The Iranian veterans could yield a more definitive picture. "Whatever comes out of Iran on this," Newmark says, "will be the best human data that exists." But so far, no one is gathering it. After the war, Foroutan became a professor—he's now at Shahid Beheshti University of Medical Sciences here—and has not tracked his former patients. And zeroing in on late nerve agent effects is not simple. "We don't have reliable information on who was exposed solely to nerve agents," says Janbazan medical researcher Batool Mousavi, because of the Iraqi practice of bombarding troops with nerve agents and mustard simultaneously or on consecutive days.
Foroutan believes that it's not too late to delve into the long-term consequences. "We need a Sardasht cohort for nerve cases," he says. It could even be an international effort, Newmark suggests, if Iran were to set up a collaboration under OPCW's auspices. "It's important to know if neuropathology and resultant long-term effects actually occur in humans," Jett adds, "before we approach the FDA for approval of a neuroprotectant drug."
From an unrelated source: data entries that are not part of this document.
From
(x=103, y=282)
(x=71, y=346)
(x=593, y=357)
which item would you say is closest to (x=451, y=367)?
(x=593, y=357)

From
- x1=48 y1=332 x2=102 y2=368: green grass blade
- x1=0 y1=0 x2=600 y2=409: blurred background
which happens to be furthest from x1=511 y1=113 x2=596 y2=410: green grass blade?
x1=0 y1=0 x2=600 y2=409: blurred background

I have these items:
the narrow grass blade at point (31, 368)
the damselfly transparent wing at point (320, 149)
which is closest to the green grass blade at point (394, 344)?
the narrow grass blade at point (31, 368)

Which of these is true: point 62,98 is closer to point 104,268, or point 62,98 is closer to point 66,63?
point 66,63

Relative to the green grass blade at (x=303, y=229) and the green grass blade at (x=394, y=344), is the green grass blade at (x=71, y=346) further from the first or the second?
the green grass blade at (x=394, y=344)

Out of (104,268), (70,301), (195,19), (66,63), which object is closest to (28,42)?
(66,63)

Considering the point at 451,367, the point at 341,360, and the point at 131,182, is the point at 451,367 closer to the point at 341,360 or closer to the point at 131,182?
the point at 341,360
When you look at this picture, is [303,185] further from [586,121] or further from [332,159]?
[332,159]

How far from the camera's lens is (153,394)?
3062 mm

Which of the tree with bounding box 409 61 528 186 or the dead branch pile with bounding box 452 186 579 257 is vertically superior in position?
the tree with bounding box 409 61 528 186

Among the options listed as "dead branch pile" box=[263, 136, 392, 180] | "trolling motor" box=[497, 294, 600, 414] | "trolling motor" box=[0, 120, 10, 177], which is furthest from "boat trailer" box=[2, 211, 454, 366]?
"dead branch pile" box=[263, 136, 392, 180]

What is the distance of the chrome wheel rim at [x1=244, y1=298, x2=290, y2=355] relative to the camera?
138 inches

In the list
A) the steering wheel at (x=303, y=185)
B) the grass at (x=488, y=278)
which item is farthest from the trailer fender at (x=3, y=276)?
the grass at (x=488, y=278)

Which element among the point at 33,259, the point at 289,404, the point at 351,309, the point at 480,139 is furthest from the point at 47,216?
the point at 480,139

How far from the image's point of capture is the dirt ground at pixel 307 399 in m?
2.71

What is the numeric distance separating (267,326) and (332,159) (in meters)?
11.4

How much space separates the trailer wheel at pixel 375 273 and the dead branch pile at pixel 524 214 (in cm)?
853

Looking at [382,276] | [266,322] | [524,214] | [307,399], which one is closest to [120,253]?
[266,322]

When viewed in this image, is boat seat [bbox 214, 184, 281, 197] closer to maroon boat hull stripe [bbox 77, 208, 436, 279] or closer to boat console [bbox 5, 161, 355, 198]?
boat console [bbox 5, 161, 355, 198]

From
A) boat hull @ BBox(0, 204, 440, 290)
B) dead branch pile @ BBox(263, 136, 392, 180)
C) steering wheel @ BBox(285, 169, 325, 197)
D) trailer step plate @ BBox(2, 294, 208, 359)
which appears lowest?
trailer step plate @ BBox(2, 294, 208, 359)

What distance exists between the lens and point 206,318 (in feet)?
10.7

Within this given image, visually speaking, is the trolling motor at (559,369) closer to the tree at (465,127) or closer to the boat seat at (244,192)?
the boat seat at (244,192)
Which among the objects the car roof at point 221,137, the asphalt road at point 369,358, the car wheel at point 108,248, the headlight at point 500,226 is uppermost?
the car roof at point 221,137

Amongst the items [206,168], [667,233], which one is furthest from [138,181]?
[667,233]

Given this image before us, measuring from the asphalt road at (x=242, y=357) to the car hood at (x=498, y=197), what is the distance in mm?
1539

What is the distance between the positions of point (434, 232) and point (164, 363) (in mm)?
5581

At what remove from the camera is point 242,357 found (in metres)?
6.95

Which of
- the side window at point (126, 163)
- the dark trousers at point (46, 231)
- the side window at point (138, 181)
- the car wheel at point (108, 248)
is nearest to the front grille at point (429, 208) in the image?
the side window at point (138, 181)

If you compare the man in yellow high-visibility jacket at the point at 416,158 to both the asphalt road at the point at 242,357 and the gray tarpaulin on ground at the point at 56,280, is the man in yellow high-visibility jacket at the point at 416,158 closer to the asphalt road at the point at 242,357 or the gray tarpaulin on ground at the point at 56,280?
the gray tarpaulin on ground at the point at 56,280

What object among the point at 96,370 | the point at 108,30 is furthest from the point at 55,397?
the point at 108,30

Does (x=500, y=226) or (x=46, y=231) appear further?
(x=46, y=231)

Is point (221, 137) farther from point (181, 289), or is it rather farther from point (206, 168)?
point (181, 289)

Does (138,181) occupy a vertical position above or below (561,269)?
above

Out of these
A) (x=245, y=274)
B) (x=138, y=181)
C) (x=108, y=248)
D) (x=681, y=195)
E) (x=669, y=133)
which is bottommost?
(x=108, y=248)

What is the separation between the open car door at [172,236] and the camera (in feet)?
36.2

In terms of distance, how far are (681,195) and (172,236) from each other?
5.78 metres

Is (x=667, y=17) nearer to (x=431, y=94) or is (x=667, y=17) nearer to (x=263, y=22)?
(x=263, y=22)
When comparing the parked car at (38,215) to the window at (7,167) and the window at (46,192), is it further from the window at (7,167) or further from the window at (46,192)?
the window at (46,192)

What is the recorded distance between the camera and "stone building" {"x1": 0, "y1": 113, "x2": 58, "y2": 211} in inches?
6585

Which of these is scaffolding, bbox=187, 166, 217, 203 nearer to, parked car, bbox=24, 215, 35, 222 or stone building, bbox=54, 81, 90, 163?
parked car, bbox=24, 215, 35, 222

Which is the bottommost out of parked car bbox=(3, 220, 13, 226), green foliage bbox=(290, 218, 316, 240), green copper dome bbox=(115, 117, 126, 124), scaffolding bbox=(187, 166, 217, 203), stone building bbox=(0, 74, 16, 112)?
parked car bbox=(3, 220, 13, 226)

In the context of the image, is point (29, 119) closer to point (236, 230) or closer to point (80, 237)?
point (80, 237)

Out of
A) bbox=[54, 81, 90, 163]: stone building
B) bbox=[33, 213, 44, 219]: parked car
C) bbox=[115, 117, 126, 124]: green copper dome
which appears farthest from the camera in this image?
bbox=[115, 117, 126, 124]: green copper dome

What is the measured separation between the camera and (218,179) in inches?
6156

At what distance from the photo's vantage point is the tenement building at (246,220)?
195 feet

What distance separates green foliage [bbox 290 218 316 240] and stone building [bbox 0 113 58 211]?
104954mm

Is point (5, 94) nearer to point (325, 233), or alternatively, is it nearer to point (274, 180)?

In the heart of Tehran, a modest one-story building is a living memorial to Iran's chemical weapons victims. Inside the Tehran Peace Museum, exhibits recount the global history of chemical warfare. Chemical victims of the Iran-Iraq War volunteer as docents. One is named Ali Reza Yazdanpanah.
When he was 15 years old, Yazdanpanah tricked his mother into signing his enlistment papers. Several weeks later, he and 31 other young men in his regiment were exposed to mustard near Khorramshahr, a port city on the Persian Gulf, near the Iraq border. Some of the blistering agent got in his eyes. "I lost my sight for some time," he says. It came back, but he has had to endure four cornea transplantations, and is on a waiting list for a new pair of lungs. He says he has never felt completely well.
Yazdanpanah is keeping the memory alive. And as a subject in Iran's research efforts, he hopes his experience will benefit future victims of these ghoulish weapons. "The best years of my life," he says, "were stolen from me."